═══ EXCERPTED DATA
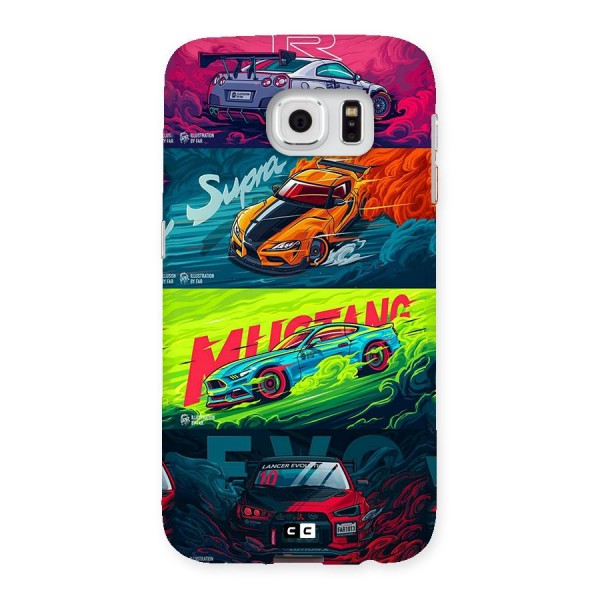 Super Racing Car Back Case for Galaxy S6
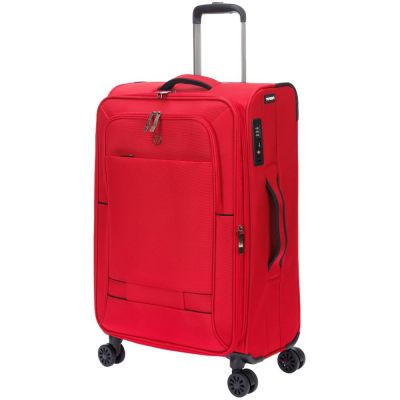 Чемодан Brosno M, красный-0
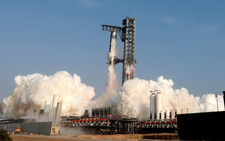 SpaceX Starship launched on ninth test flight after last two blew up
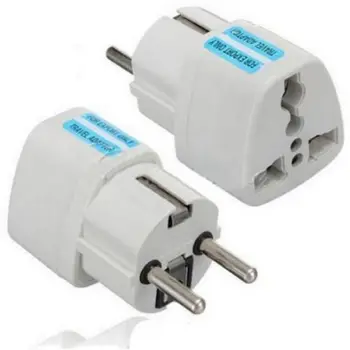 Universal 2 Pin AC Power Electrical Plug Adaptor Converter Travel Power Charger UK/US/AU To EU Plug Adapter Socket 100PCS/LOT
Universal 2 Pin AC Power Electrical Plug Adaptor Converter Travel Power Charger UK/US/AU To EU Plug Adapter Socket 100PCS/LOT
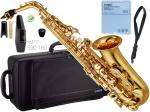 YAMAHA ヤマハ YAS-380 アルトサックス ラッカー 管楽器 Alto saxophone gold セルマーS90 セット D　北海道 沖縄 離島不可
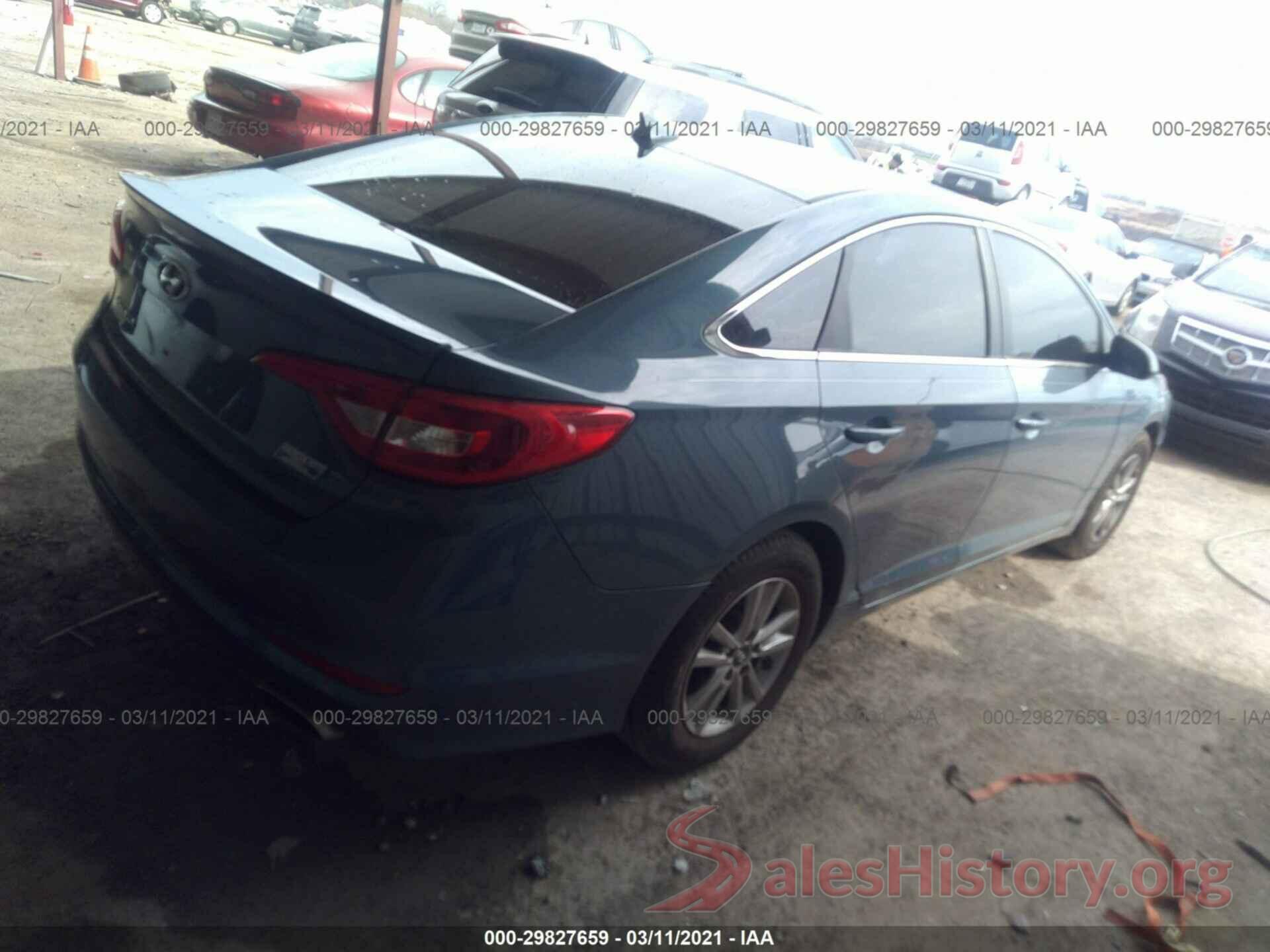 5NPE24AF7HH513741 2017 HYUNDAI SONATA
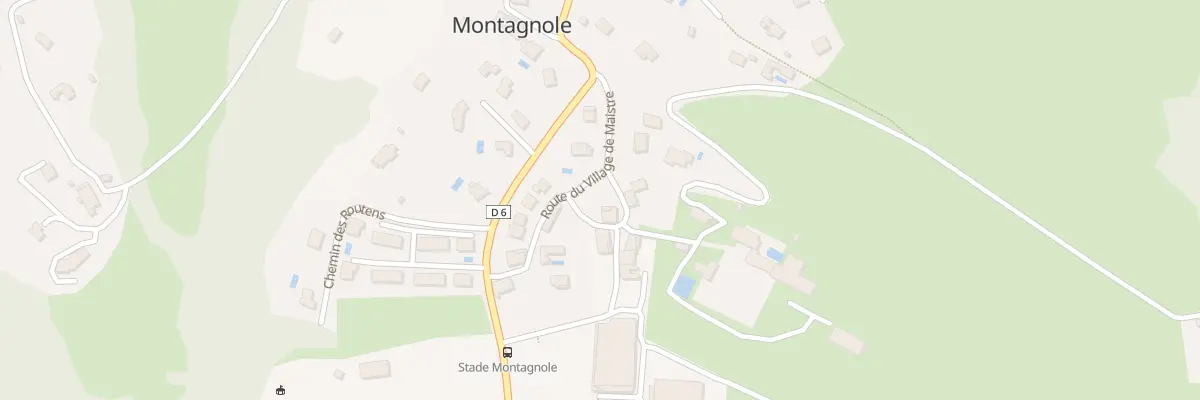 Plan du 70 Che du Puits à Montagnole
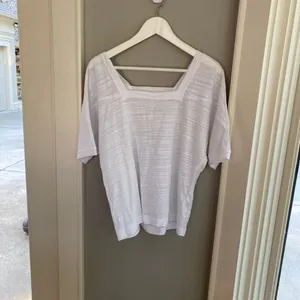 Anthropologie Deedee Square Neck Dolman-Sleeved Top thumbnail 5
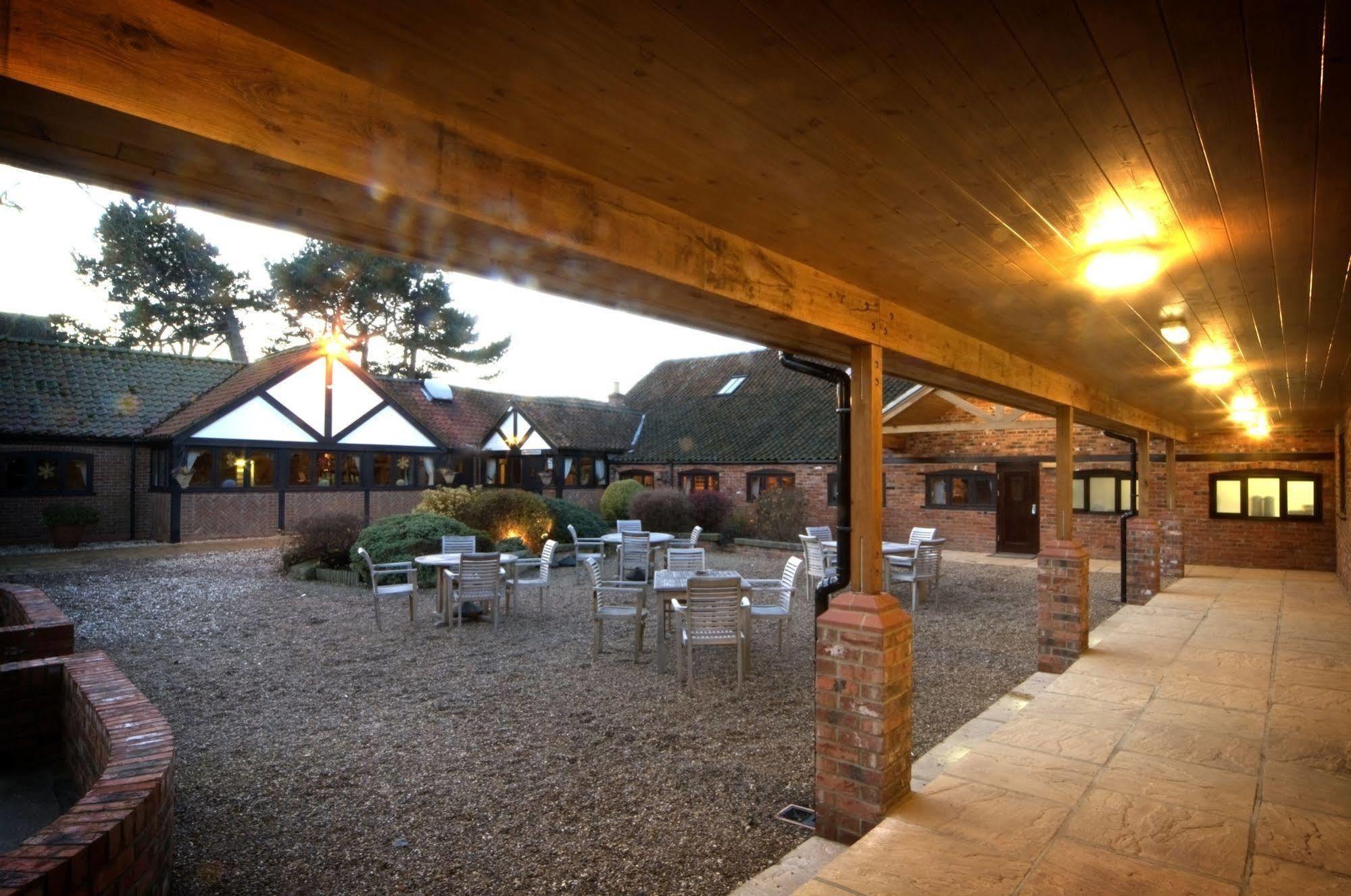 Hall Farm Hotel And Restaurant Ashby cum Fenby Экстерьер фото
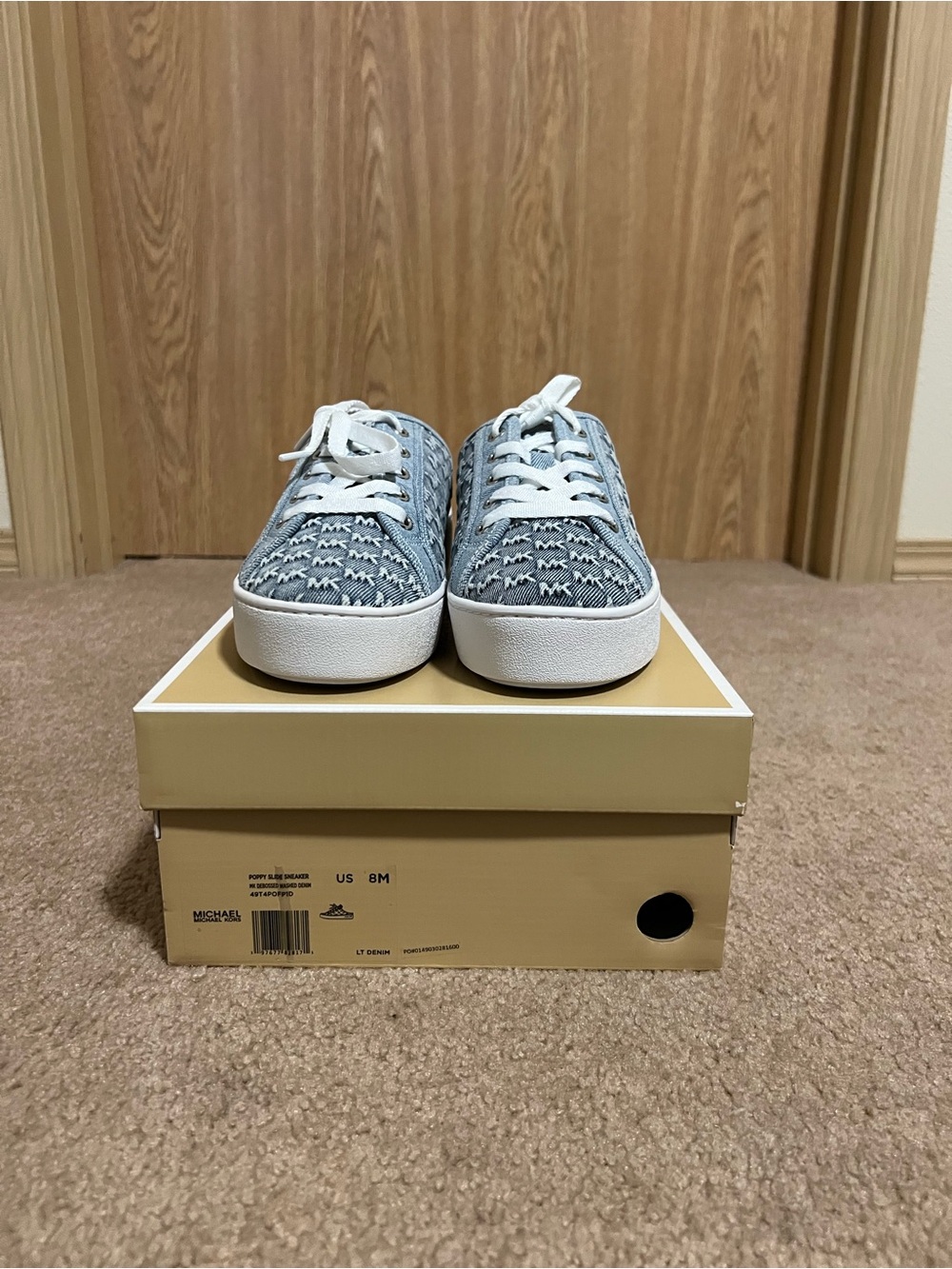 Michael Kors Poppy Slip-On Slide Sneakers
══════
**WHAT TO PRODUCE**
The lines from the one containing "Anthropologie Deedee Square" through the last line of the data above are to be transcribed exactly, both included, with all pictures left out.

**EXERCISE RESULT**
 Anthropologie Deedee Square Neck Dolman-Sleeved Top thumbnail 5
 Hall Farm Hotel And Restaurant Ashby cum Fenby Экстерьер фото
 Michael Kors Poppy Slip-On Slide Sneakers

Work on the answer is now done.